Make clear that the United States is open to dialogue based on the September 2005 Agreed Statement, which is comprehensive and links denuclearization to energy and economic aid, US-DPRK normalization, security guarantees, and a peace treaty. As North Korea walked away from that agreement, they must demonstrate sincerity (e.g., a moratorium on missile and nuclear testing) and willingness to put their nuclear weapons program back on the table to enable restarting of the Six-Party Talks.
The new Moon ROK government should pursue a similar approach, but might be advised to avoid “sunshine” policy measures that provide direct economic benefits.
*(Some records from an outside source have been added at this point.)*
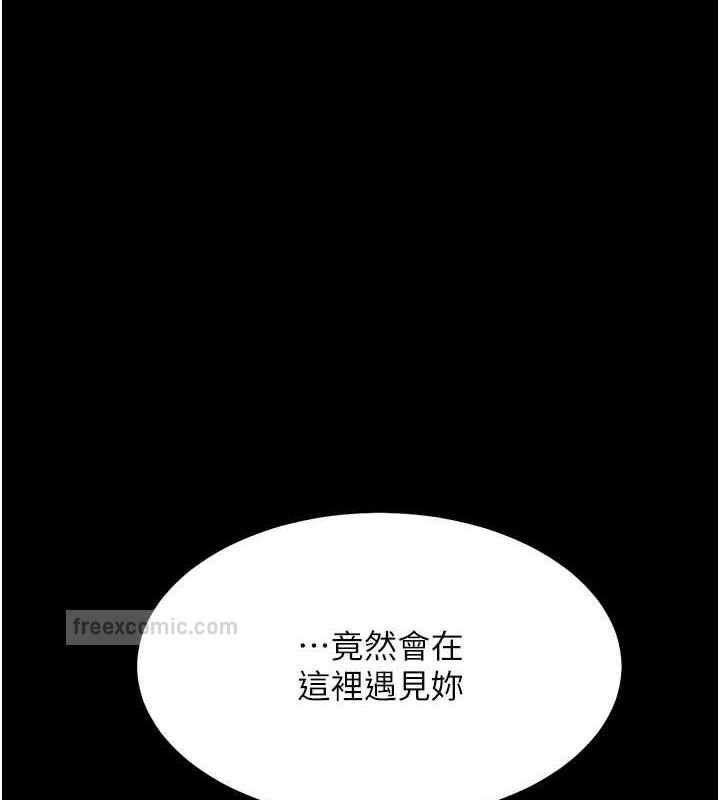 第66话-嫉妒女下属的组长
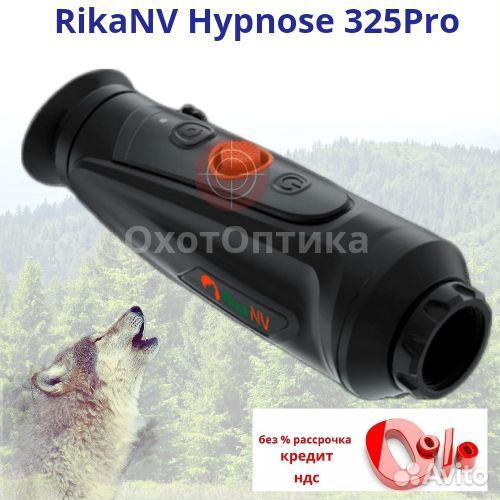 Тепловизионный монокуляр Rika NV Hypnose 325Pro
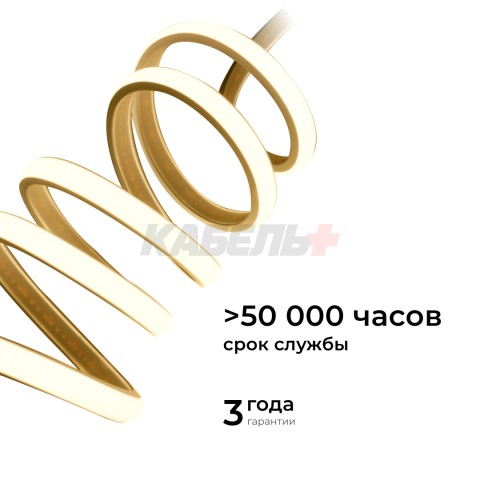 Комплект светодиодной ленты 220В НЕОН COB 11Вт/м, 650 лм/м, 3000К (т/б), 288д/м, 5м, IP65, с аксессуарами (сетевой шнур, заглушка - 1шт, крепеж - 5шт)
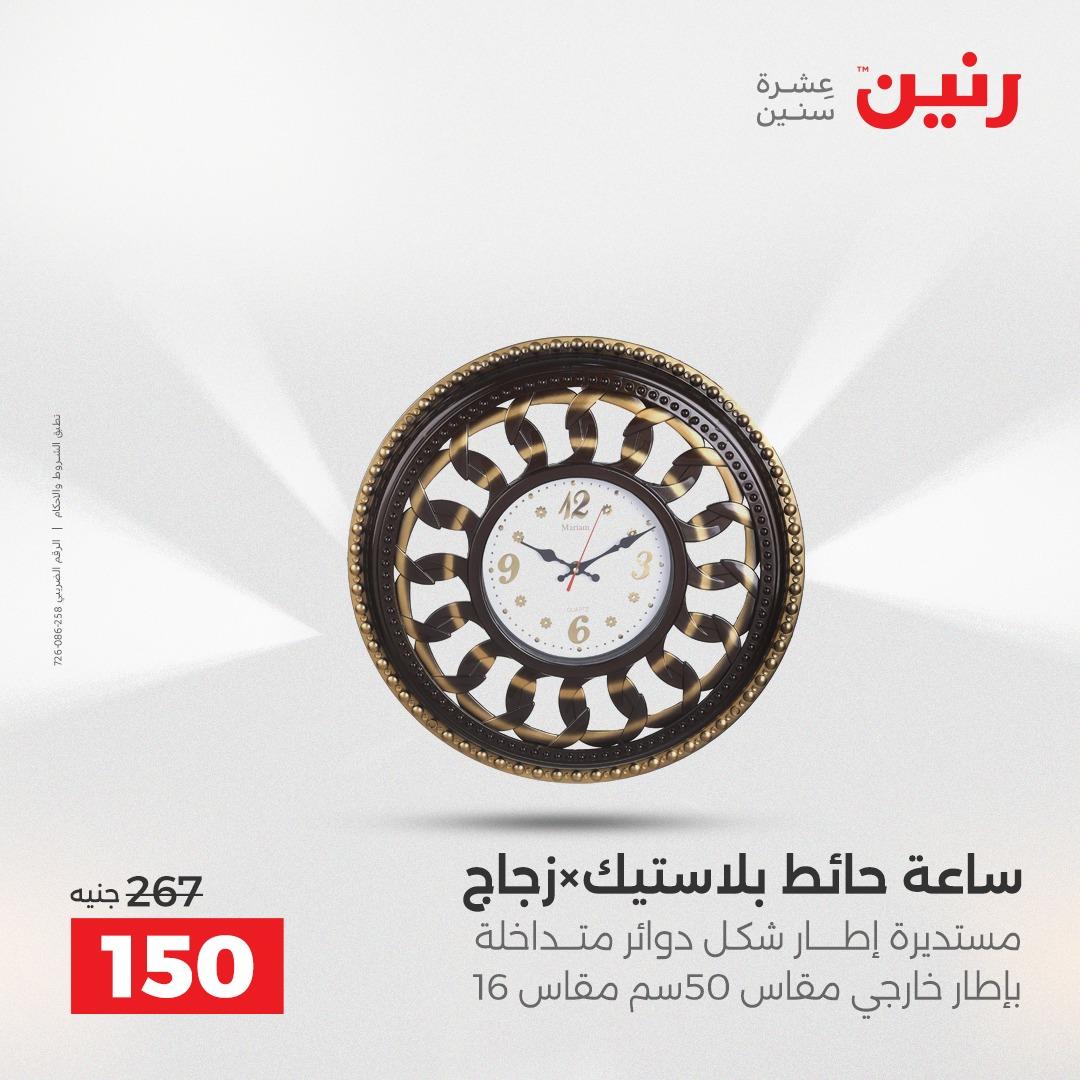 عروض رنين على الديكورات 19-20 ابريل 2026 صفحة 50 - raneen offers 19-20 April 2026 page 50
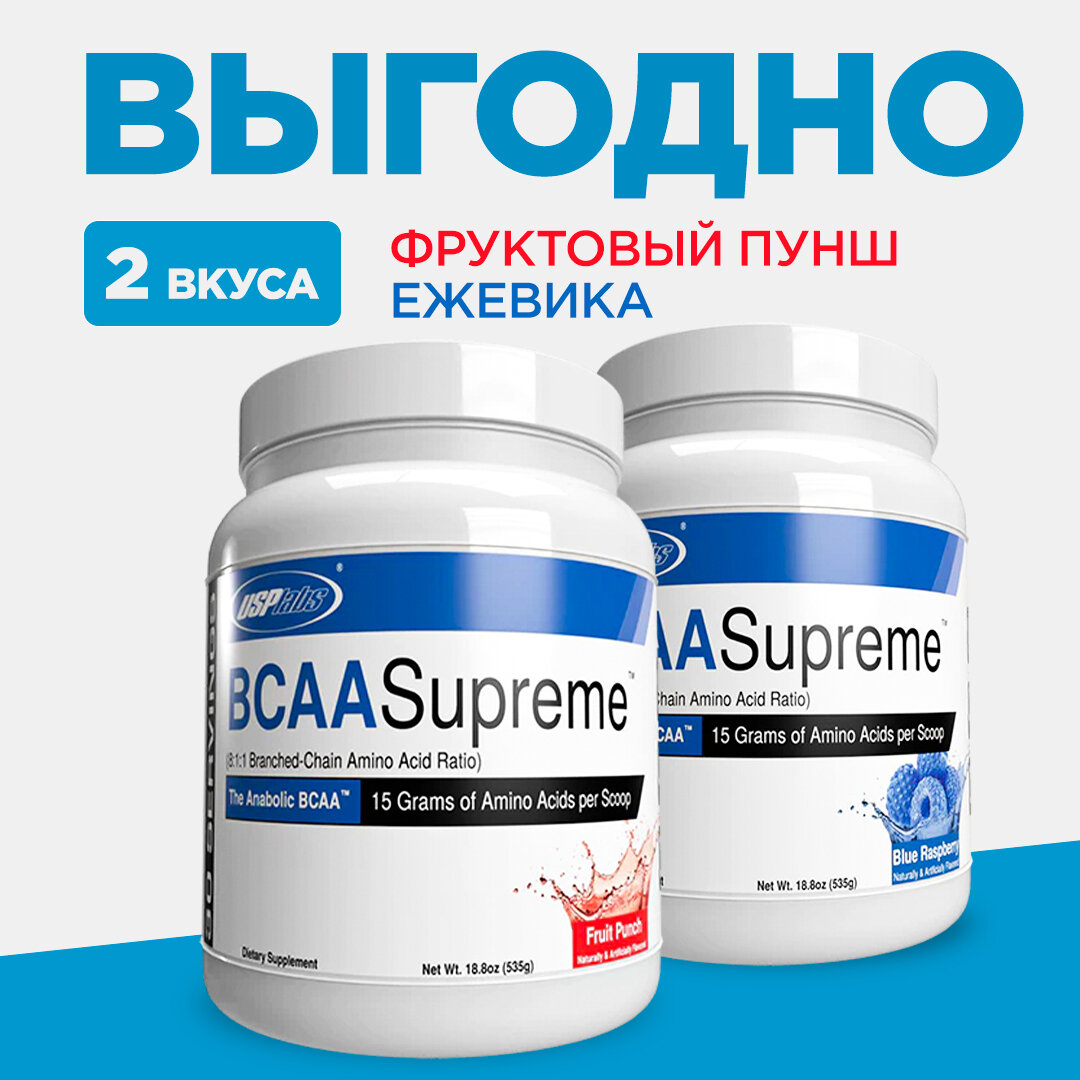 USP Labs ( Modern ) 2, BCAA 8:1:1,  , 535 ,   +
Instead focus on “people-to-people” cultural, sports, and educational exchanges, expanded divided family visits, and North-South mail, telecommunications, train, and air links.
Institute an “active measures” influence campaign.
Distribute information in North Korea and work to improve human rights. Significantly enhance rewards for defectors.
Finally, a clear and consistent messaging campaign is essential to garner US public support and to signal our unambiguous policy to our allies and adversaries. That includes knowing when to be silent.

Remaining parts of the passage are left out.